An Award granted to a Participant shall be exercisable during his or her lifetime only by such Participant or, in the event the Participant becomes legally incapacitated, the Participant’s legal
representative. After a Participant’s death, an Award shall be exercisable by any person that may be empowered to do so under the deceased Participant’s will, or if the Participant failed to make a testamentary disposition of the Award or
shall die intestate, by such Participant’s administrator or other legal representative with appropriate powers under applicable law. 
 
7.2    Rights as a Shareholder.    A Participant granted an Award shall have no rights as a
shareholder of the Company with respect to the Shares covered by such Award except to the extent that Shares are issued to the Participant upon the exercise of the Award. 
 
7.3    Employment.    Nothing in the Plan shall interfere with
or limit in any way the right of the Company and its Subsidiaries to terminate any Participant’s employment at any time, nor confer upon any Participant any right to continue in the employ of the Company or any Subsidiary. 
 
For purposes of this Plan, a Participant’s move between
the Company and a Subsidiary, or between Subsidiaries, shall not be deemed to be a termination of employment. However, termination of employment shall be deemed to occur upon a change in ownership of the Participant’s employer such that the
Participant’s employer ceases to be the Company or one of its Subsidiaries. 
 
7.4    Withholding Taxes.    The Company shall have the right to deduct or withhold from the proceeds of any exercise of an Award, including the delivery
of Shares, an amount sufficient to cover withholding required by law for any federal, state or local taxes (including, without limitation, social insurance or other payroll levies outside the United States) or to take such other action as may be
necessary to satisfy any such withholding obligations.

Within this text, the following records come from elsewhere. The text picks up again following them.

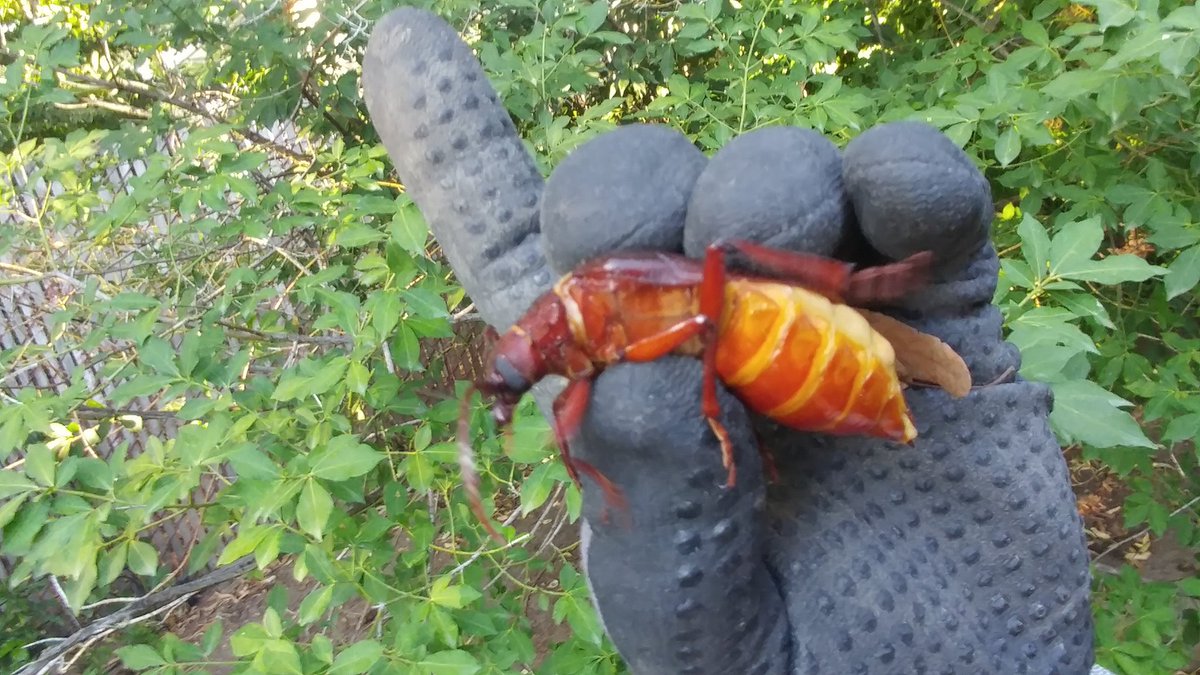 ColleenFellows's tweet photo. Found this gravid female Prionus californicus, CA root booring beetle about to lay her eggs at the base of my apple tree.🍏🌳
Not a chance lady, I've lost a few bushes to them already.
Check out the size of these mandibles! She's moving=blurry pics.
#entomology #insects #Science https://t.co/jg8YTMR9Xz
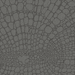 Web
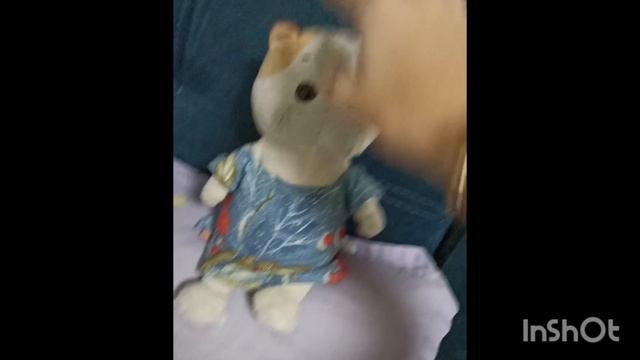 Наш утренний влог🪻🌞🐶🐱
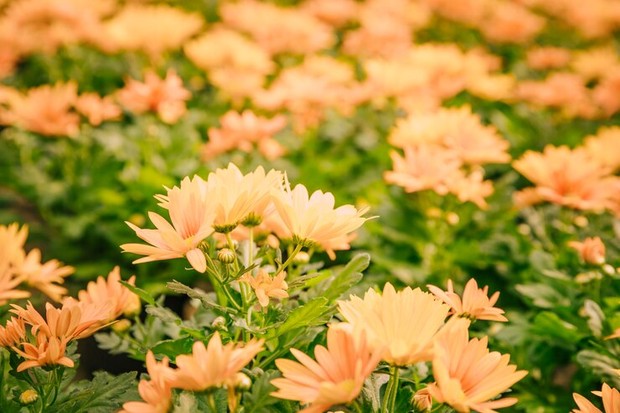 Chrysanthemum can repel ants in the house
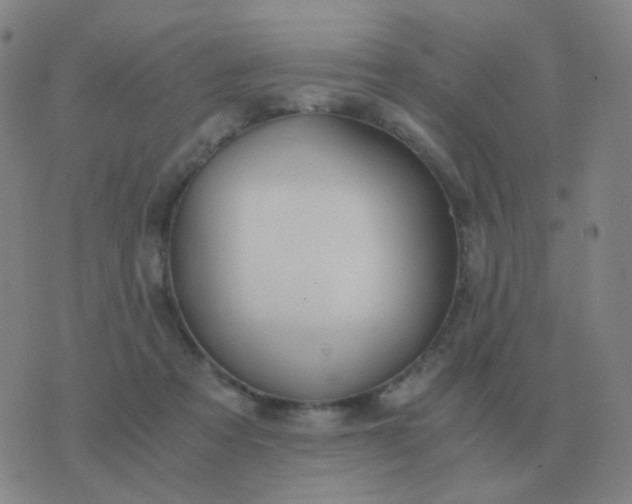 X0000076390313200610202111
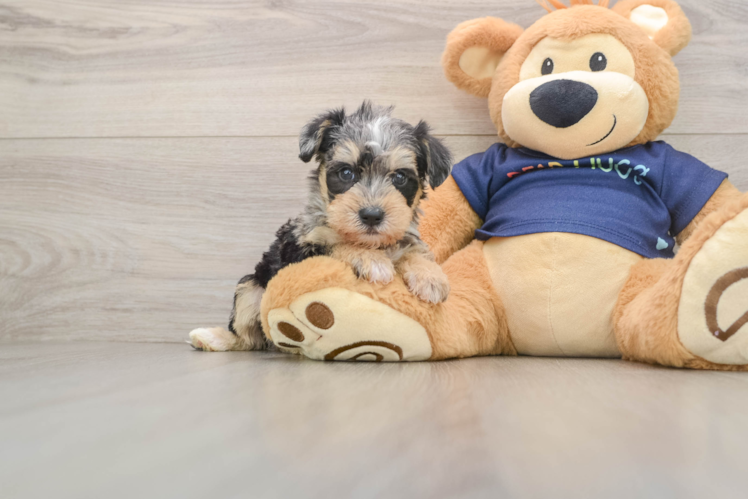 Best Mini Schnoodle Baby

Where Shares are used to satisfy required tax withholding, such shares shall be valued at the Fair Market Value as of the exercise date of the applicable Award. 
 
7.5    Indemnification.    Provisions for the indemnification of officers and directors of the Company and its Subsidiaries in connection with the administration of the Plan shall be as
set forth in the Company’s Certificate of Incorporation and Bylaws as in effect from time to time. 
 
7.6    Successors.    All obligations of the Company under the Plan with respect to Awards
granted shall be binding on any successor to the Company, whether the existence of such successor is the result of a direct or indirect purchase, merger, consolidation, or otherwise, of all or substantially all of the business and/or assets of the
Company. 
 

15 

 
Article
8.    Legal Construction 
 
8.1    Gender and Number.    Unless the context plainly indicates otherwise, words in any gender include the other genders and the singular includes the plural and vice versa.

 
8.2    Severability.    In the event any provision of the Plan shall be held illegal or invalid for any reason, the illegality or invalidity shall not affect the remaining parts of the
Plan, and the Plan shall be construed and enforced as if the illegal or invalid provision had not been included. 
 
8.3    Requirements of Law.    The granting of Awards and the issuance of Shares under the
Plan shall be subject to all applicable laws, rules, and regulations, and to such approvals by any governmental agencies or national securities exchanges as may be required. 
 
8.4    Governing Law.    To the extent not preempted by
Federal law, the Plan, and all Awards made under the Plan, shall be construed in accordance with and governed by the laws of the State of Delaware. 
 
8.5    Entire Plan.    This document is a complete statement of the Plan. As
of its Effective Date this document supersedes all prior plans, representations and proposals, written or oral, relating to the matters set forth herein. The Company shall not be bound by or liable to any person for any representation, promise or
inducement made by any employee or agent of it which is not embodied in this document or in any authorized written amendment to the Plan.